> >Oopses normally dump me into KDB, and that's not happening.
> >So I don't think there's an oops involved.

**** From Georg Acher:

> What CPU/chipset do you have?

PII/300 (Klamath), PIIX4.  Similar failure mode reported on another chipset,
though that problem may now be fixed.

> Have you tried some BIOS/PCI options (latency, posted write etc...).

This BIOS doesn't offer any such pci options.

**** From Mark McClelland:

> When things get this bad, I hook up the serial console and insert a few 
> widely spaced printk()'s into the suspect functions.  Then I do a binary 
> search until I pinpoint the exact point of failure.

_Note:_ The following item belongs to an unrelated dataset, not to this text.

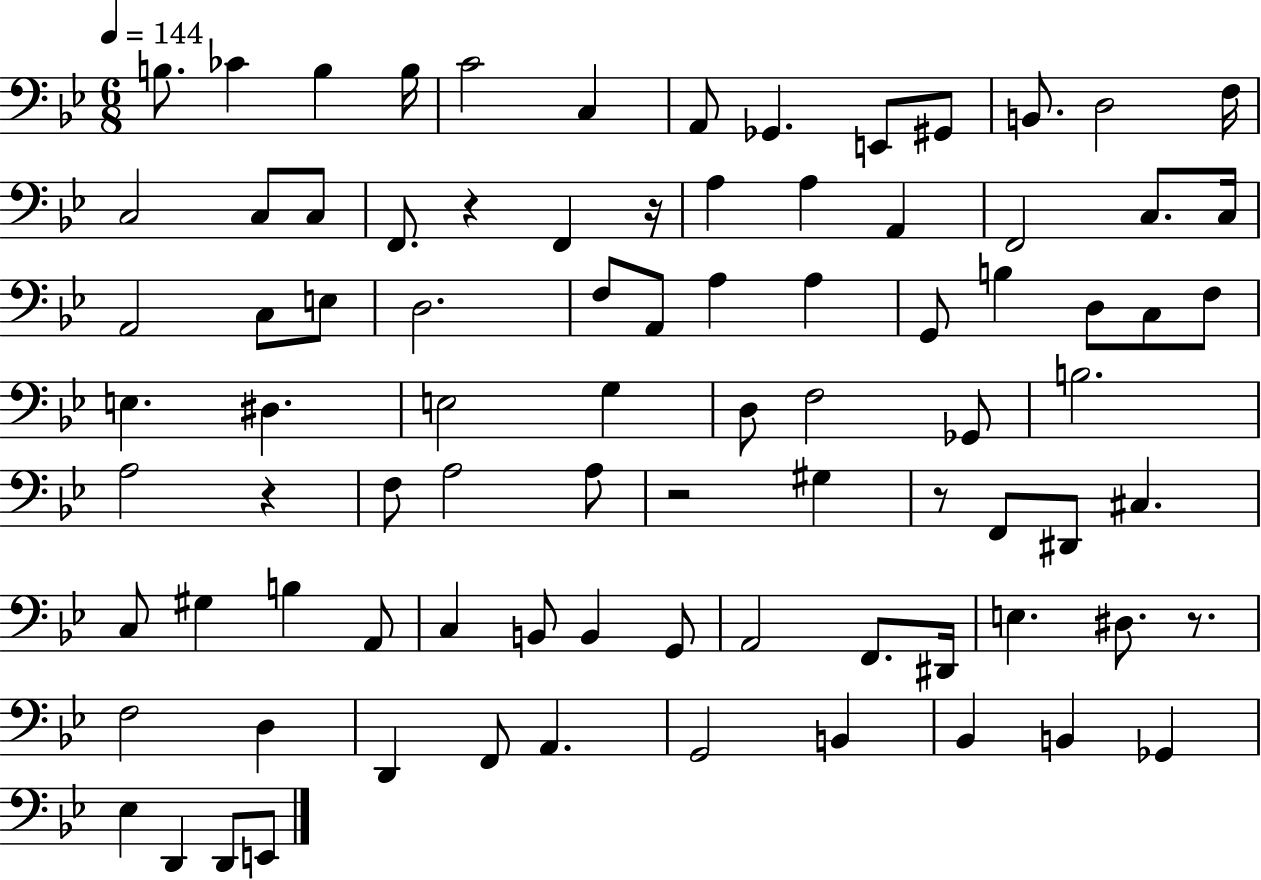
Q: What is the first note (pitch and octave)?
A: B3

The problem is that nothing seems to be happening in _my_ driver when
the system hangs.  No requests coming in (to root hub or other device),
or interrupts (see below).  No printks fire ... and in the scenario I'm using
lately, none _should_ fire, since for a couple seconds, nothing has gone
into that driver.  (Except the root hub timer interrupt, which reported that,
as expected, nothing was reported from reading that PCI register data.)

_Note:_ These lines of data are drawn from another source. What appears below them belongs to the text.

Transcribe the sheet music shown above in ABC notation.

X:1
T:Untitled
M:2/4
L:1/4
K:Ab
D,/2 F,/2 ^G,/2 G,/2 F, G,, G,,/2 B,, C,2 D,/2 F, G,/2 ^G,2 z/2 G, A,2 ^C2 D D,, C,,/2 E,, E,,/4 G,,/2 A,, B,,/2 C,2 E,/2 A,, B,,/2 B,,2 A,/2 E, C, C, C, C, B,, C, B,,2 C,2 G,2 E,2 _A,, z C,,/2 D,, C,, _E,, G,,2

So there's nothing to actually finger my code, though I'm reasonably
convinced that's where the problem is lurking.


>  From my experience, I would be very suspicious of something going very 
> wrong in your interrupt handler.

The evidence seems to be that there's no interrupt happening.  I did hook
up a serial console, made it printk first thing ... nothing.  (This is what's
supposed to be happening: no interrupts from this driver.)

More problematic is that if I stick such prinks into arch/i386/kernel/irq.c
handle_IRQ_event(), that stops seeing interrupts too ... even timer irqs.
They happen right up to the point of lockup though.

Why would a machine lock up like that, with _no_ diagnostic to suggest
that there was a software-detected problem?